Sir Charles William Rouse Boughton (December 1747 – 26 February 1821) was an administrator in India with the East India Company and subsequently a member of the British House of Commons representing first Evesham and then Bramber.

Biography

Early life 
Charles was the second son of Shuckburgh Boughton of Poston Court Hereford and Mary Greville (20 December 1713 – 1 March 1786),  daughter of Hon. Algernon Greville, and Hon. Mary Somerset, daughter of Lord Arthur Somerset (1671–1743), son of Henry Somerset, 1st Duke of Beaufort. He went to India as a writer in 1765 and held several judicial and administrative offices in the service of the East India Company. He was at various times a Persian interpreter and senior merchant and judge. During his time in India, he inherited an estate at Rouse Lench, Worcestershire by the will of Thomas Phillips Rouse.

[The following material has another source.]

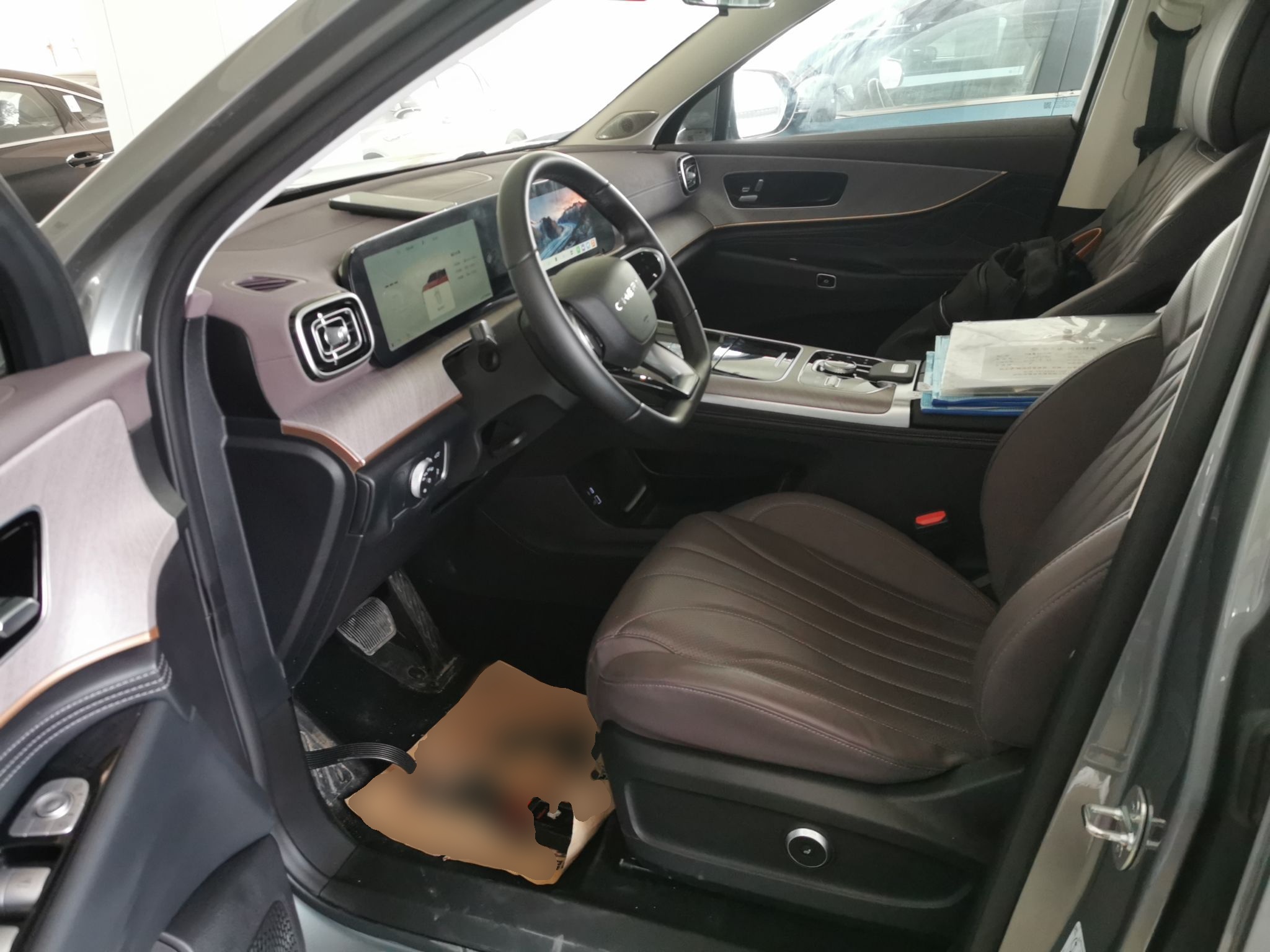 المقاعد الأمامية داخل السيارة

He left the East India Company and after returning to England in 1778, stood for Parliament at Evesham in 1780, where he was elected as one of the members after a hard-fought battle. His main interest in politics was India, and the speeches which he made between 1780 and 1790 all dealt with Indian affairs. In 1784 he was appointed Secretary to the Board of Control for India and held the post until 1791. He opposed the impeachment of Warren Hastings.

Later life 
Charles did not contest the 1790 election and left Parliament. He assumed the name of Rouse by Royal Licence in 1791 and was created 1st Baronet Boughton Rouse. In 1794 he inherited the title 9th Baronet of Langford and changed his surname to Rouse Boughton.

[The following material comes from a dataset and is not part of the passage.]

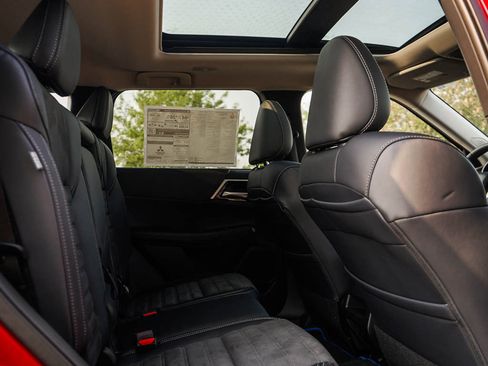 New 2025 Mitsubishi Outlander SE image 12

At the general election in 1796 he was returned unopposed at Bramber, a notorious Rotten borough, where an agreement had operated since 1774, by which the two owners of the `miserable thatched cottages' who had the right to vote at Bramber returned a member each. In the new Parliament, he spoke several times on Indian affairs. He vacated his seat in 1800 when he was appointed an Audit Commissioner, a post he held until his death in 1821.

Family 

He married Catherine Pearce Hall, the daughter of William Pearce Hall and his wife Catherine Comyn, in 1781. Catherine was the heiress of the Downton estates near Ludlow, including Downton Hall. This was fortunate for Charles since his brother Edward had bequeathed the Boughton estates to Elisabeth Davis, his natural daughter by a serving maid, who later married baronet George Braithwaite. Catherine enhanced the estate at Downton, planting High Grove, or Catherine's Grove, and her portrait was painted by Romney in 1785. Charles was interested in agriculture and was renowned for his remarkable pig. In London, he lived at Corney House Chiswick.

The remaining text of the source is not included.